A most respected member sent me once a carbon knife with a felt lined Dexter. Caused rust at the end of the lining. Must have to do with the temperature changes in my backpack during winter time. Since, I only use cardboard.


----------



## DitmasPork (Oct 20, 2020)

Benuser said:


> A most respected member sent me once a carbon knife with a felt lined Dexter. Caused rust at the end of the lining. Must have to do with the temperature changes in my backpack during winter time. Since, I only use cardboard.


I really hate felt lined guards, learned my lesson when I traveled with them on my carbons.


----------



## Matus (Oct 20, 2020)

For longer hauls the liners is a humidity trap. But just to drive one day to a location of your vacation has not been an issue for me (flying may turn more challenging as there is more pressure change happening that will affect the condensation). But for those cases one may still use a VCI paper in between to make sure nothing bad happens.


----------



## DitmasPork (Oct 20, 2020)

Matus said:


> For longer hauls the liners is a humidity trap. But just to drive one day to a location of your vacation has not been an issue for me (flying may turn more challenging as there is more pressure change happening that will affect the condensation). But for those cases one may still use a VCI paper in between to make sure nothing bad happens.

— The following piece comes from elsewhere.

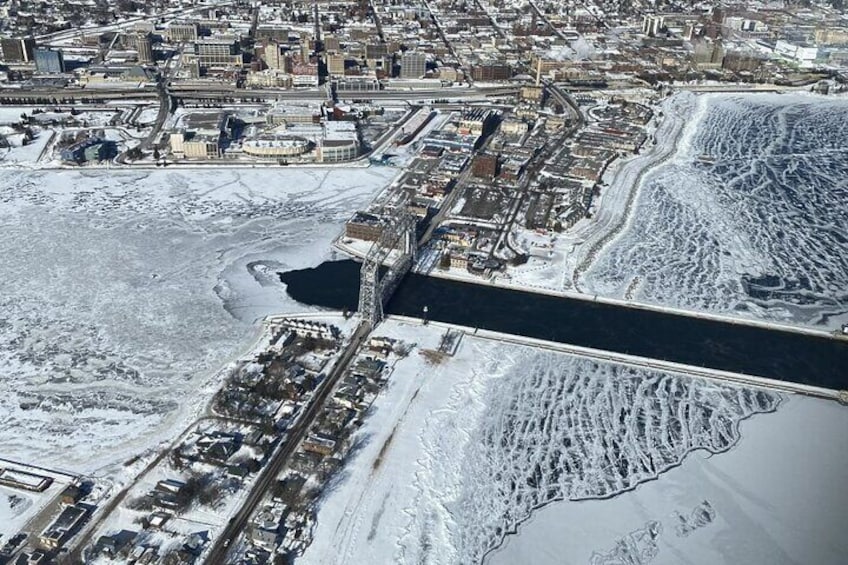 Aerial Lift Bridge in Winter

I gotta get some of that paper. TBH, the cork lined guards are my favorites, but they do occasionally lose their tightness.


----------



## DitmasPork (Oct 20, 2020)

Mostly I use custom sayas made from reclaimed cardboard, each a unique work of fine craftsmanship.


----------



## 4wa1l (Oct 20, 2020)

It's interesting to read about the felt guards. I thought I must have been doing something wrong because my knives were getting small rust spots using them. Switched to the upcycled hand-taped sayas as seen in @DitmasPork post and have had no issues since.


----------



## Barmoley (Oct 20, 2020)

I've run into this problem with felt lined edge guards and even cork lined.


----------